Que faire en cas de règles qui durent plus de dix jours sans s’arrêter ?
Lorsque des saignements menstruels persistent plus de dix jours sans s’interrompre (ménorragie prolongée), il s’agit d’une situation clinique qui nécessite une évaluation médicale approfondie. Cette durée anormalement longue peut refléter diverses causes, notamment des déséquilibres hormonaux (comme une anovulation ou un excès d’œstrogènes non contrebalancé par la progestérone), des anomalies utérines (polypes endométriaux, fibromes sous-muqueux, hyperplasie endométriale), des troubles de la coagulation, l’utilisation de certains contraceptifs (notamment les dispositifs intra-utérins au cuivre), ou encore des pathologies plus rares comme un cancer de l’endomètre — surtout chez les femmes ménopausées ou à risque accru.
La prise en charge commence par une anamnèse détaillée (âge, antécédents gynécologiques et obstétricaux, régularité du cycle, caractéristiques du saignement, traitements en cours) et un examen clinique complet, incluant un toucher vaginal et un examen spéculaire.
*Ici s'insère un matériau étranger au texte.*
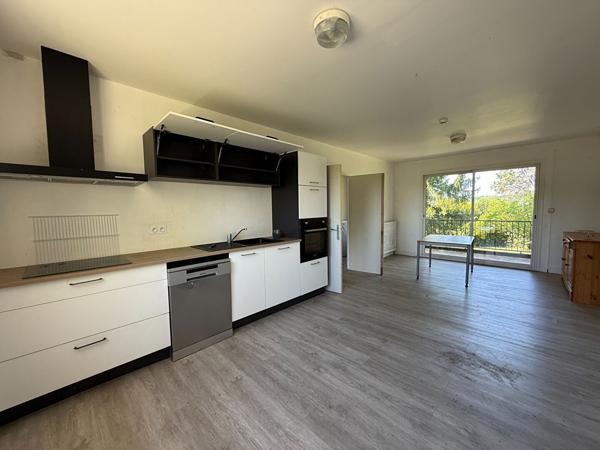 47300 PUJOLS Idéal investisseur, ensemble immobilier à Pujols avec vue
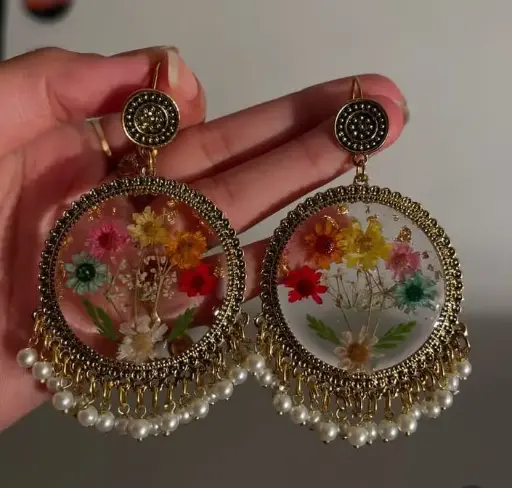Nayikaa Jhumkas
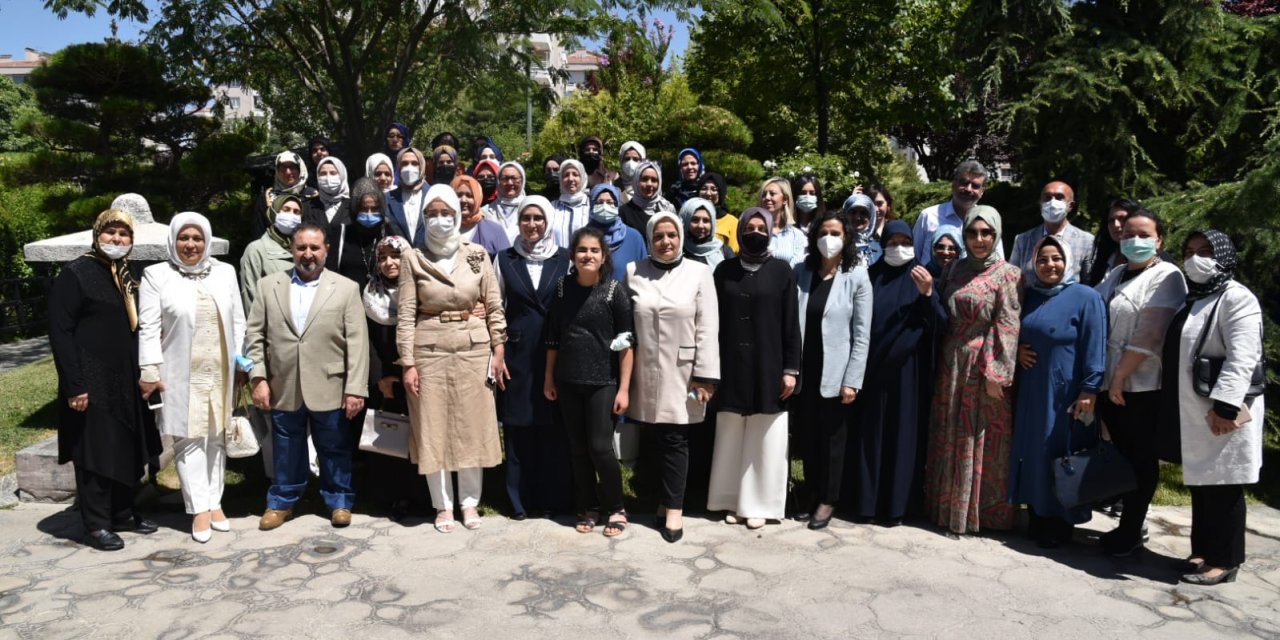 AK Parti Genel Merkez Kadın Kolları Başkanı Keşir, Konya'da STK temsilcileri ve basın mensuplarıyla bir araya geldi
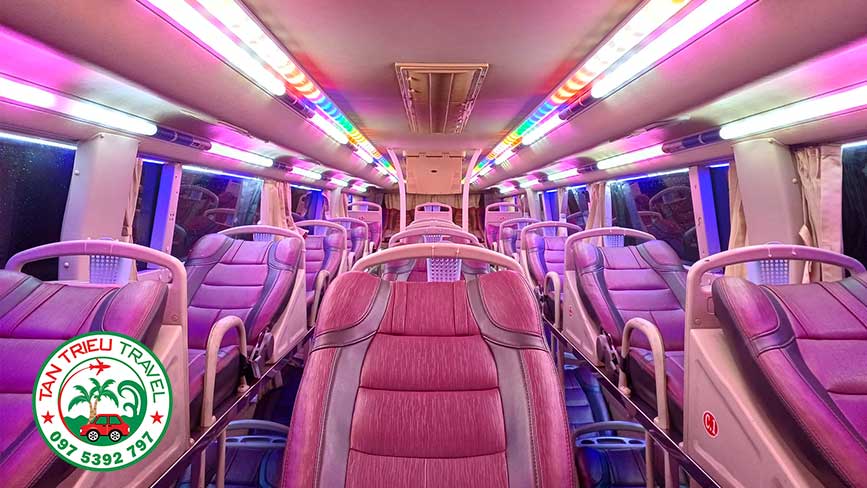 Nội thất xe 40 giường tại Tân Triều Travel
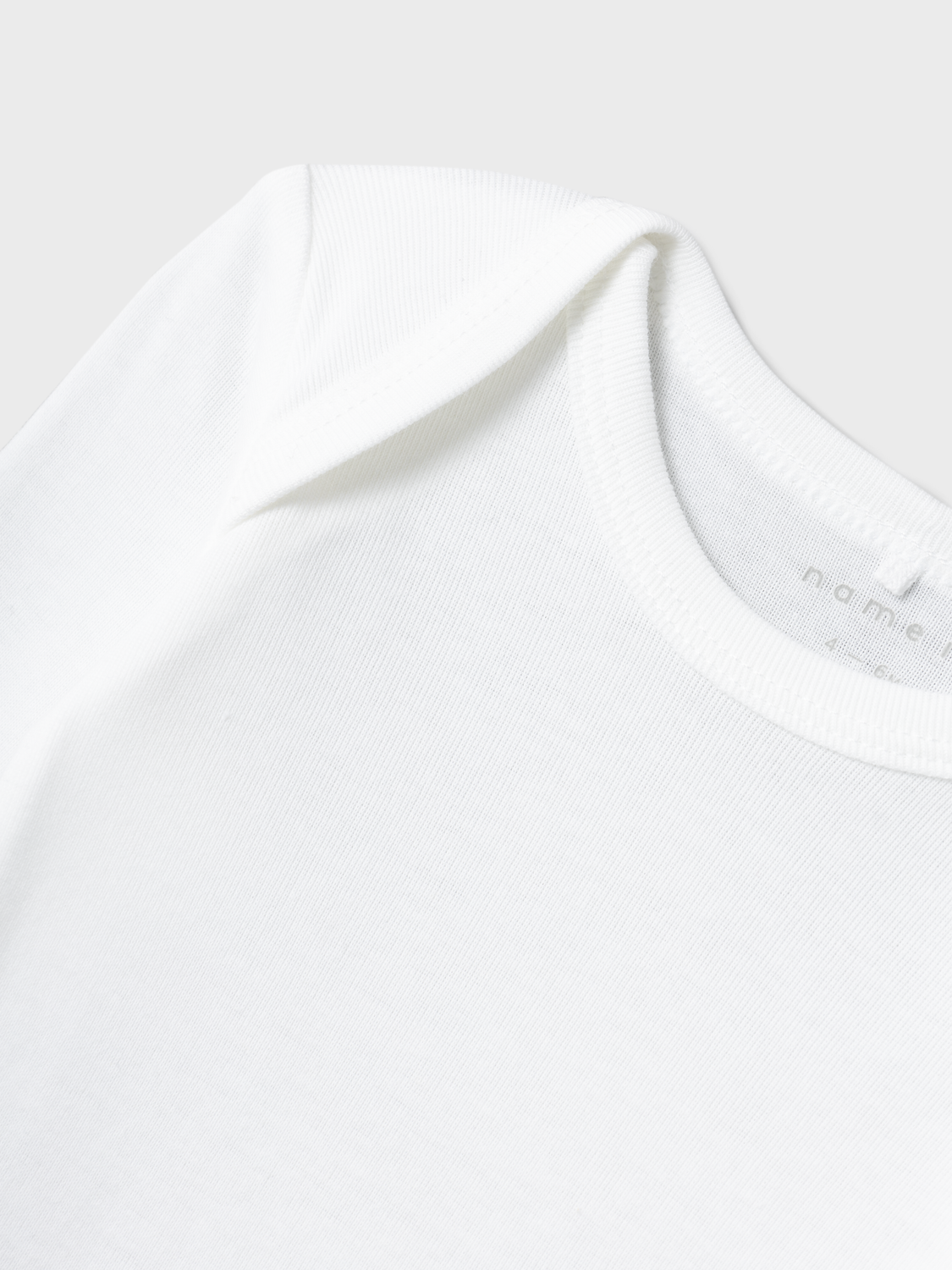 model_shot-front_full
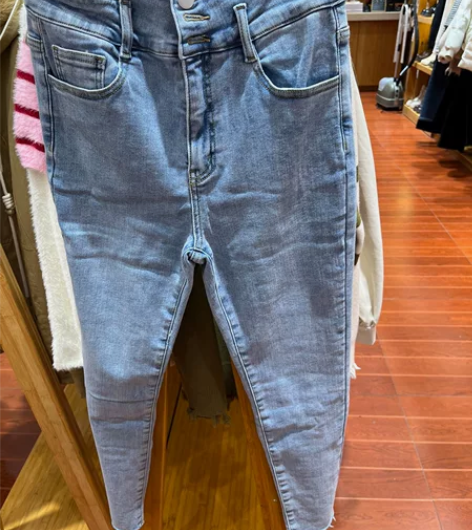 浅色爆薄绒牛仔裤 感兴趣的话点“我想要”和...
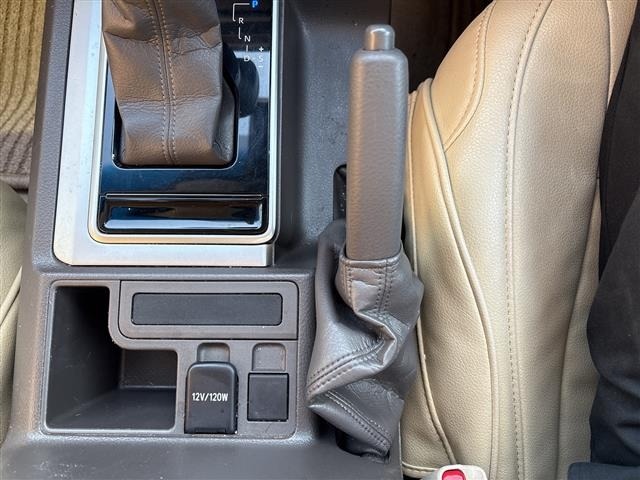 Toyota LAND CRUISER PRADO 2023 7167604-14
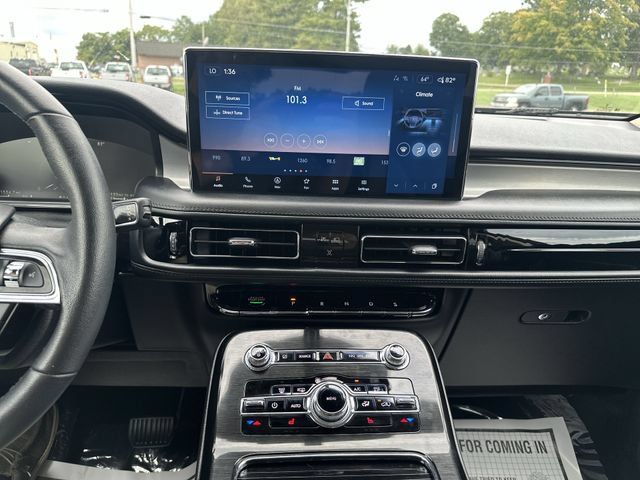 Used 2023 Lincoln Nautilus AWD w/ Premium Package image 14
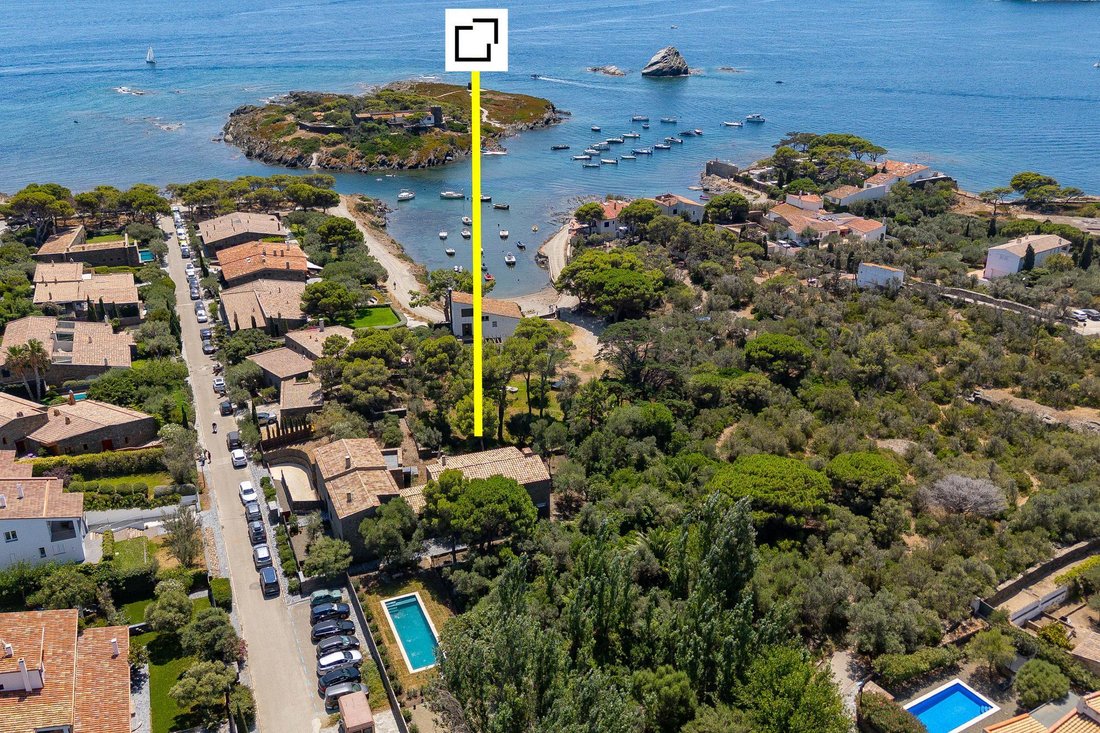 Villa in Cadaques, Catalonia, Spain 2 - 18567561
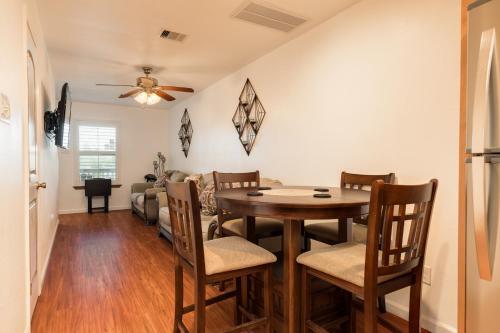 Cottage By The Pier - Sand Dollar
Des examens complémentaires sont systématiquement requis : une échographie transvaginale pour évaluer l’épaisseur et la texture de l’endomètre, la morphologie utérine et ovarienne ; une analyse biologique comprenant une numération-formule sanguine complète (pour dépister une anémie ferriprive), une ferritine, une fonction thyroïdienne (TSH), et éventuellement un bilan de la coagulation selon le contexte. Chez les femmes âgées de plus de 45 ans ou présentant des facteurs de risque (obésité, diabète, syndrome des ovaires polykystiques, antécédent familial de cancer endométrial), un prélèvement endométrial (biopsie ou pipelle) est fortement recommandé afin d’exclure une hyperplasie ou une néoplasie.
Le traitement dépend strictement de la cause identifiée, de l’âge de la patiente, de ses souhaits de fertilité et de la sévérité clinique. En première intention, en cas de saignement abondant ou persistant, une thérapie médicamenteuse est souvent initiée : administration d’un progestatif oral (ex. : norethistérone ou acétate de médroxyprogestérone) pendant 10 à 14 jours, suivi d’un arrêt pour provoquer une décapage endométrial contrôlé ; ou, en urgence, une association œstro-progestative continue (pilule combinée) pendant plusieurs jours. Si l’anémie est présente, un traitement par supplémentation en fer est indispensable. En cas d’échec thérapeutique médical, de lésions anatomiques confirmées (polype, fibrome) ou de suspicion histologique, des interventions chirurgicales telles que la hystéroscopie avec résection endométriale ou polypectomie peuvent être indiquées. Une surveillance étroite et un suivi gynécologique régulier restent essentiels après stabilisation.